Saturday, October 18, 2008

The Problem of Emerson

When it came to Emerson, many Boston Unitarians tended to "love the sinner and hate the sin." That is to say, while they felt him a gentleman and an honorable man (which, to them, amounted to the same thing) they experienced his teaching as dangerous and ultimatly descructive of the liberal Christian world they sought to build. Those focused on his teaching (such as Andrews Norton, the Unitarian Pope) were vitriolic in their denunciations of Emerson while others, more focused on his character and personality, loved him and defended his teaching as essentially "Christian." I am firmly in the latter camp. It was, in fact, Ralph Waldo Emerson that introduced me to Unitarianism, albeit in a pretty backhanded manner.
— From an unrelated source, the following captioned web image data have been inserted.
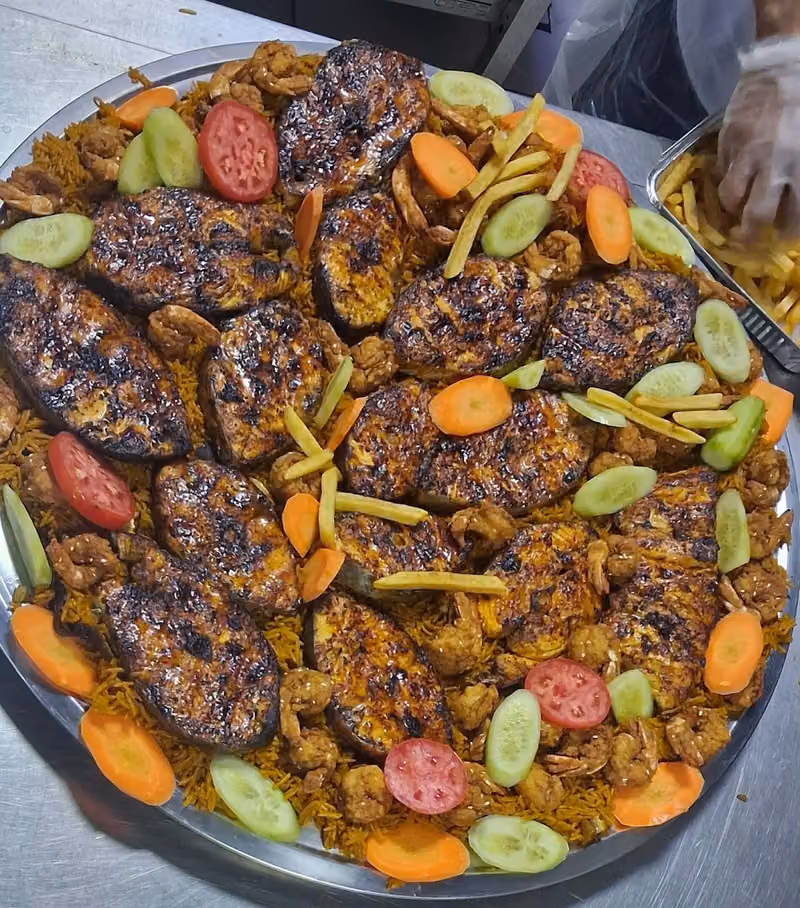 FISH AND BIRYANI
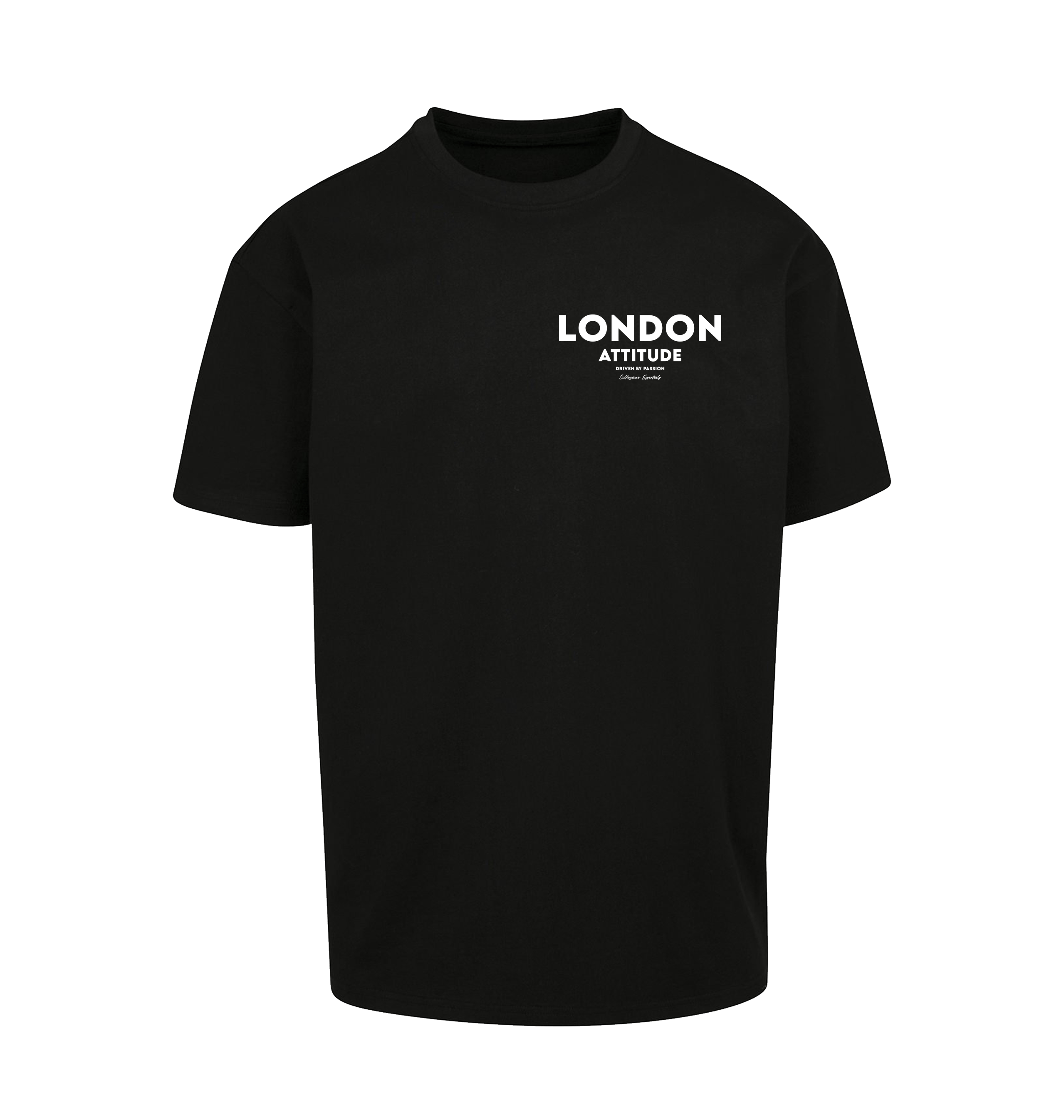 Black Printed T-shirt Front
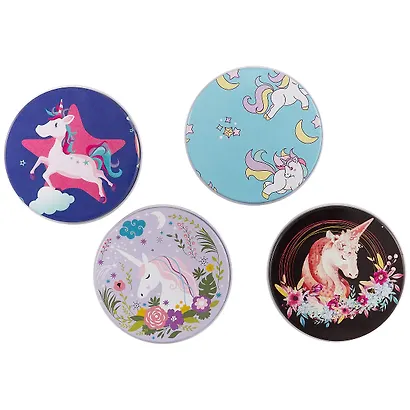 Шкатулка круглая Единорог (металл) (7,5см) - фото 4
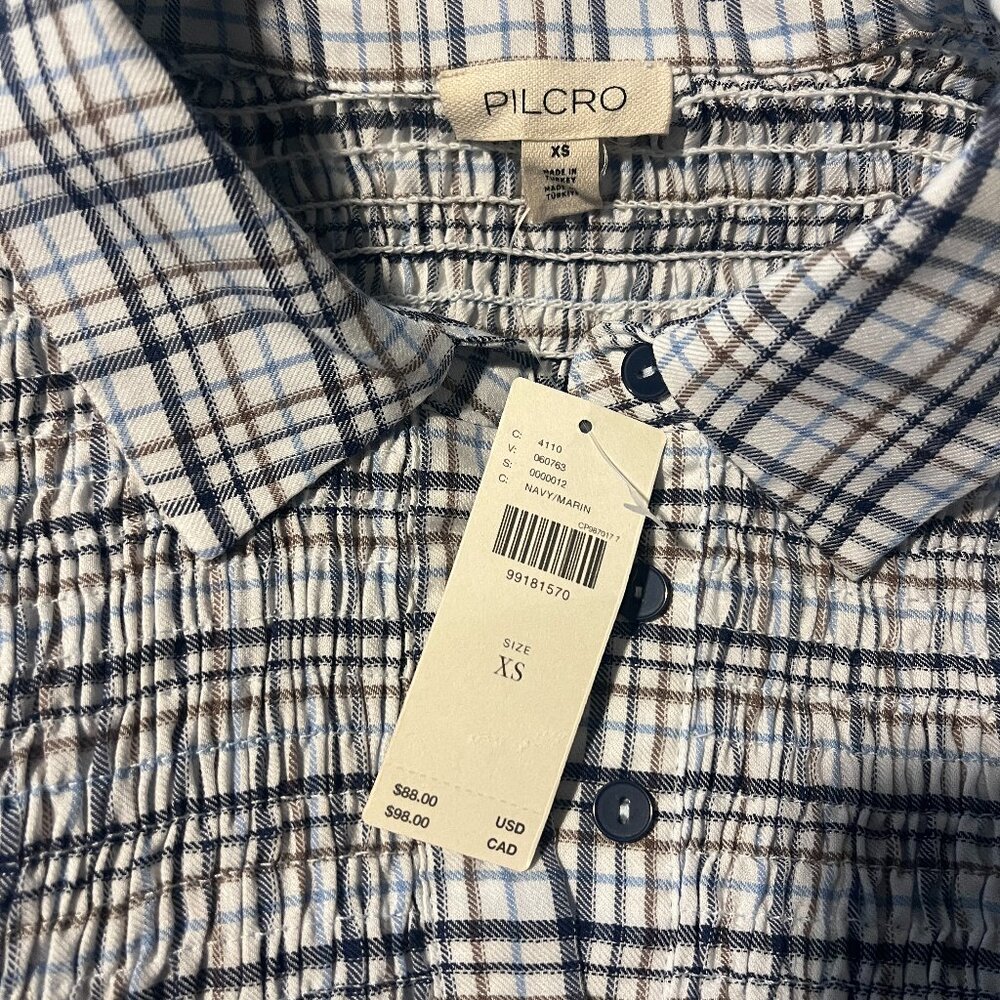 Pilcro Shirred Top XS NWT - Picture 4 of 6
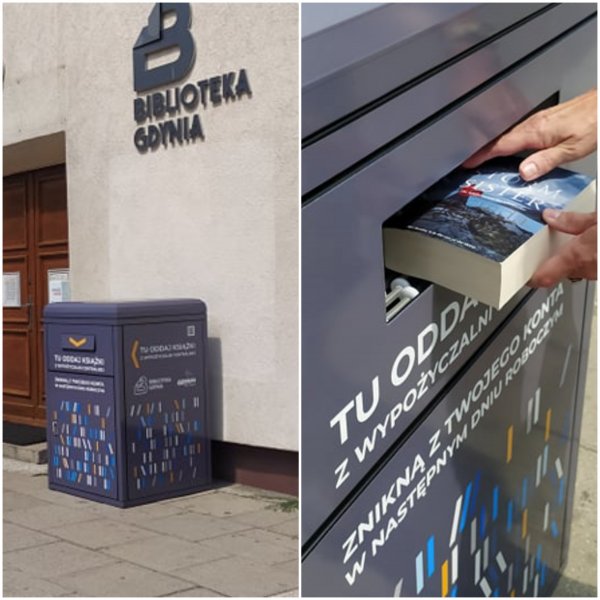 #wGdyni oddasz książki po zamknięciu biblioteki 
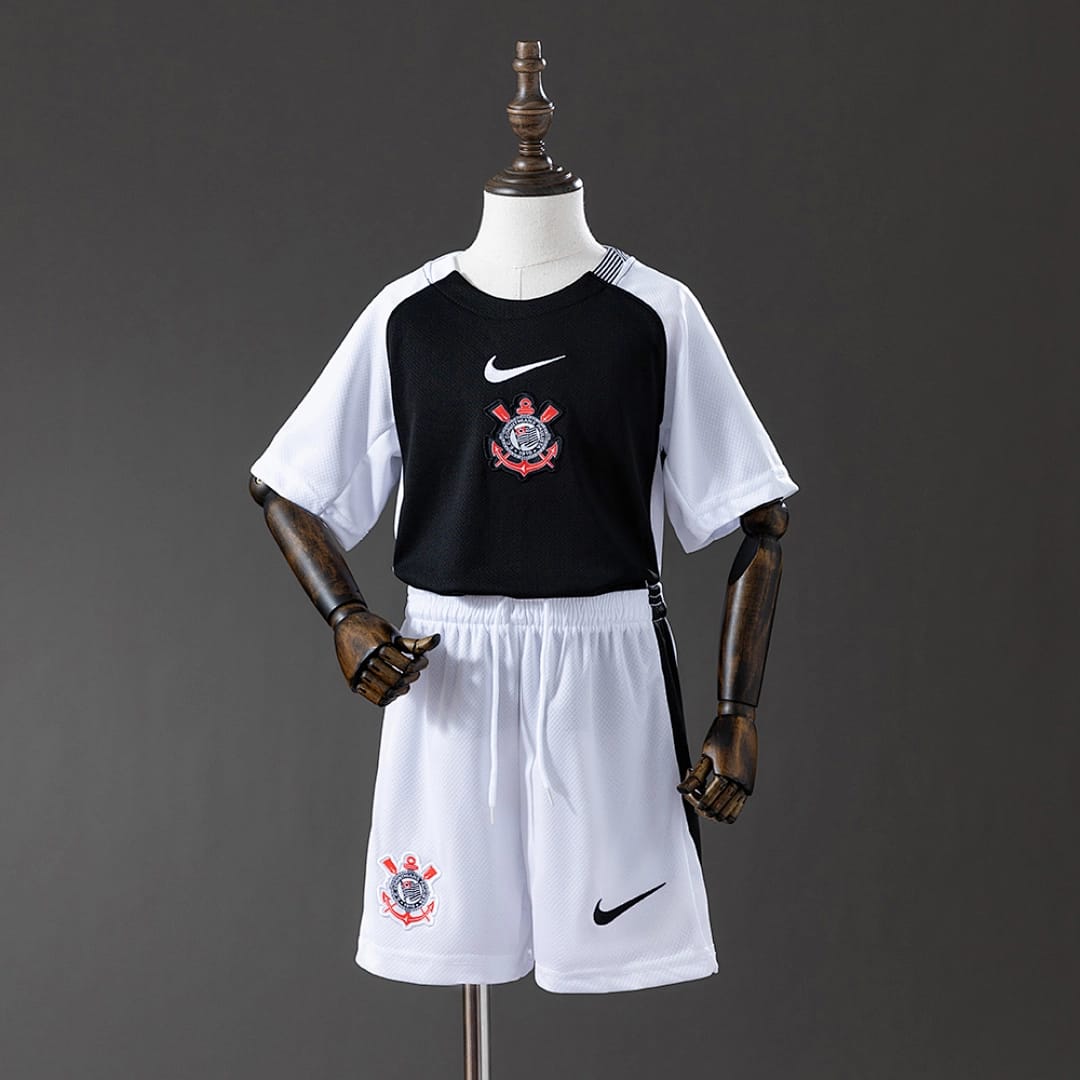 Kit Crianca Corinthians Principal 2025/2026 - Vista 1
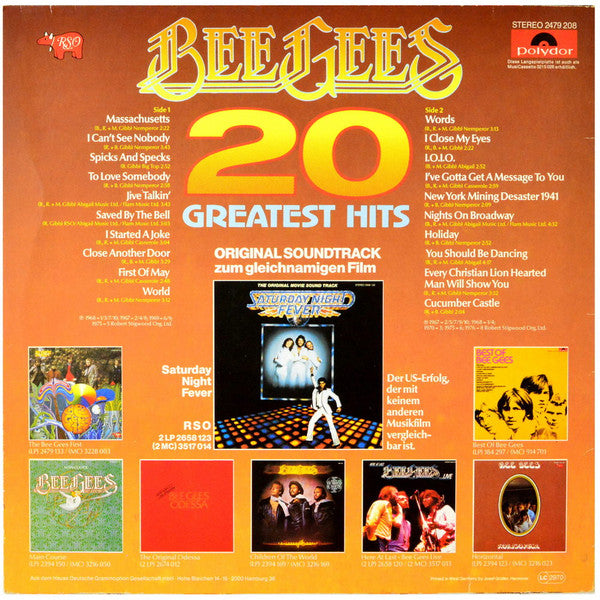 Bee Gees - 20 Greatest Hits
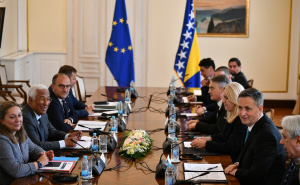 Foto: A.K./Radiosarajevo.ba / Antonio Costa na prijemu u Predsjedništvu BiH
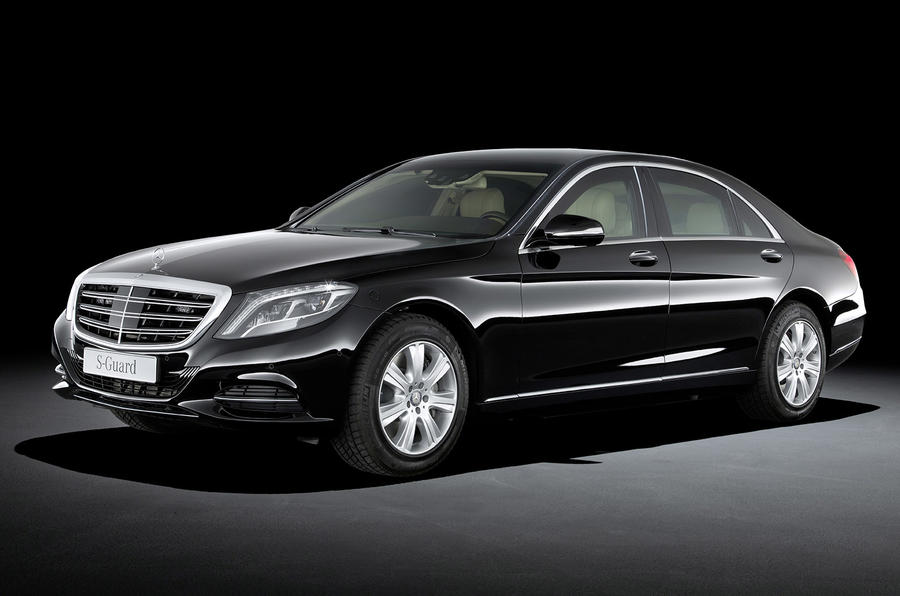 New armoured Mercedes-Benz S-class revealed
Meanwhile, following are exerpts from the first essay in Emerson's First Book of Essays, "History" which figured prominently in a lecture I was recently honored to attend by Robert Richardson who wrote The Mind on Fire, a ground changing biography of Emerson.

"There is one mind common to all individual men. Every man is an inlet to the same and to all of the same. He that is once admitted to the right of reason is made a freeman of the whole estate. What Plato has thought, he may think: what a saint has felt, he may feel; what at any time has befallen any man, he can understand. who hath access to this universal mind is a party to all that is or can be done, for this is the only and sovereign agent. Of the works of this mind, history is the record...Man is explicable by nothing less than all his history...We, as we read, must become Greeks, Romans, Turks, priest and king, martyr and executioner; must fasten these images to some reality in our seret experience, or we shall learn nothing rightly."

Emerson is much caricatured as a starry eyed idealist, a radical individualist, a muddle headed optimist and more. The reality is much more complex. The Way of Emerson was, and is, not an easy road and his optimism was bought with hard struggle through difficult and tragic events. Yet he could say to Thomas Carlyle, "My whole philosophy-which is very real-teaches acquiesence and optimism." Surrender and faith.